QUESTION: But why hasn’t Baghdad done anything? Is Baghdad not willing to listen to what you are telling them?
MS. PSAKI: I think, obviously, there are a range of steps that the central government is working to implement. I’d point you to them for more answers on that question.
QUESTION: Considering that this is 17 percent of the budget, why, in your opinion, is the Baghdad government withholding all that for so many months?
MS. PSAKI: Said, you’re familiar with the history here. I would point you to the government there. I don’t have any more analysis for you.

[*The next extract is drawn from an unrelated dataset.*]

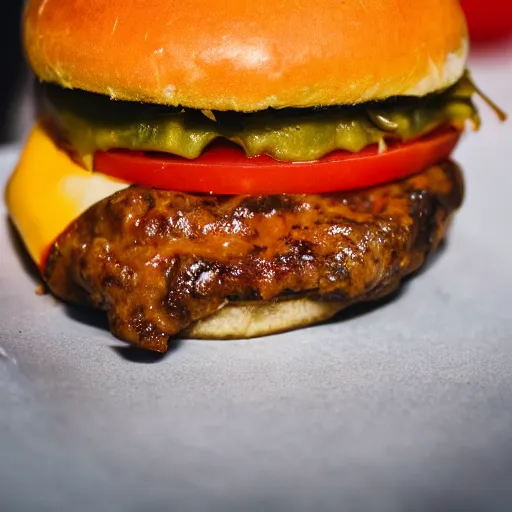 Image similar to closeup photo of most delicious cheeseburger with a slice of tomato inside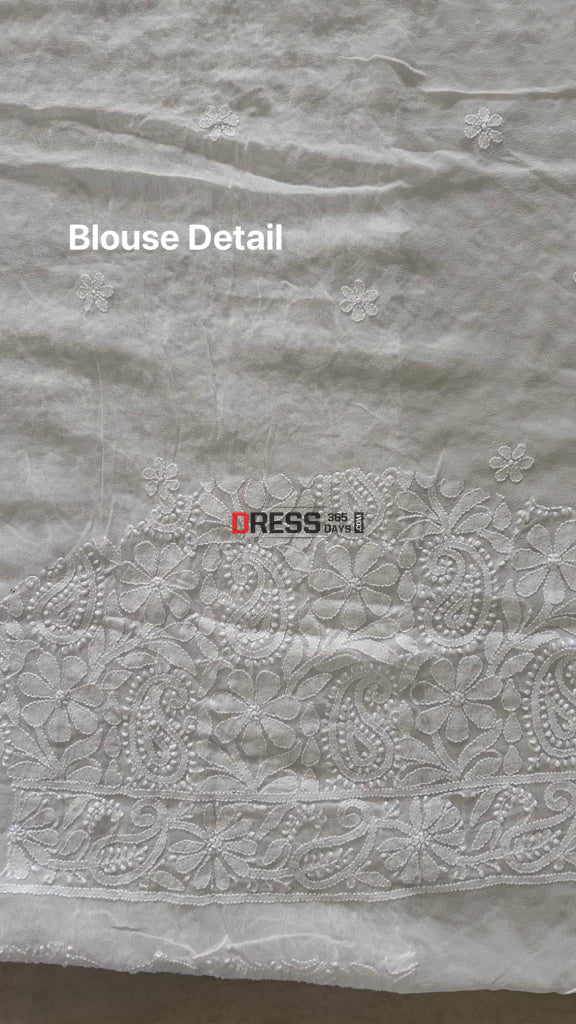 Ivory Lucknowi Chikankari Saree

QUESTION: Could I return to Africa please?
MS. PSAKI: Sure.
QUESTION: On Zimbabwe —
MS. PSAKI: Mm-hmm.
QUESTION: — the U.S. Government has long criticized as un-democratic the rule of Robert Mugabe, who’s now enjoying his 34th year in power. I’m wondering if the United States had any view on First Lady Grace Mugabe’s indication that she may be the next ruler of Zimbabwe, in part by describing the sitting Vice President Joice Mujuru as ungrateful, power-hungry, daft, corrupt, foolish, divisive, and a disgrace.
MS. PSAKI: Well, on the first part of your question, our view continues to be that internal rules and party – and a party constitution govern Zimbabwe’s political parties, and party members should hold their leaders accountable for those rules. We value a democratic process and a result that is credible – a credible reflection of the will of the people. Obviously, it will be up to the people of Zimbabwe to pick their next leader and not the United States, and we’re certain they’ll weigh all the factors.
QUESTION: Could I just stay on a similar vein —
MS. PSAKI: Sure.
QUESTION: — not Zimbabwe. In Sudan – I don’t know if you’ve seen the notice earlier this week that the Sudanese President Bashir, who’s wanted for war crimes – just go back to an earlier theme – is planning to stand again in the next elections. Does the United States take a position on whether this is a good idea or not?
MS. PSAKI: I had seen that report, though I haven’t talked to our team. So why don’t we get something for you, Jo?
QUESTION: Okay. Thank you.
QUESTION: On Egypt very quickly, does the United States support this buffer zone that’s being built on the border with Gaza? It’s forcing the evacuation of many people there.
MS. PSAKI: I really had not talked to them about the —
MS. PSAKI: — specific details on there. I’m happy to do that. Obviously, we know – understand Egypt’s concern about their security. That’s why we have done – taken steps like delivering the Apaches and things along those lines, but let me check on the specific border question.
QUESTION: Thank you.
MS. PSAKI: All right, anyone else?
QUESTION: One more, actually.
MS. PSAKI: Go ahead, Jo.
QUESTION: Just one very quick one: Hong Kong, the pro-democracy students who’ve – now marking one month of their protests have decided that they’re going to go above the heads of the Hong Kong authorities and call for direct talks with Beijing. I guess they’re not getting any traction with Hong Kong authorities. Given that you’ve stood behind the protests, saying that you support universal suffrage, do you think this is a good idea, that they should go and talk directly to Berlin – Beijing? Would you support that?
MS. PSAKI: Well, we’ve also said that we believe dialogue between students and the authorities is the right step to take. I hadn’t seen that report, so we’ll put that on the list of things we’ll follow up with you on.
Okay, thank you.
QUESTION: Thank you.
(The briefing was concluded at 1:57 p.m.)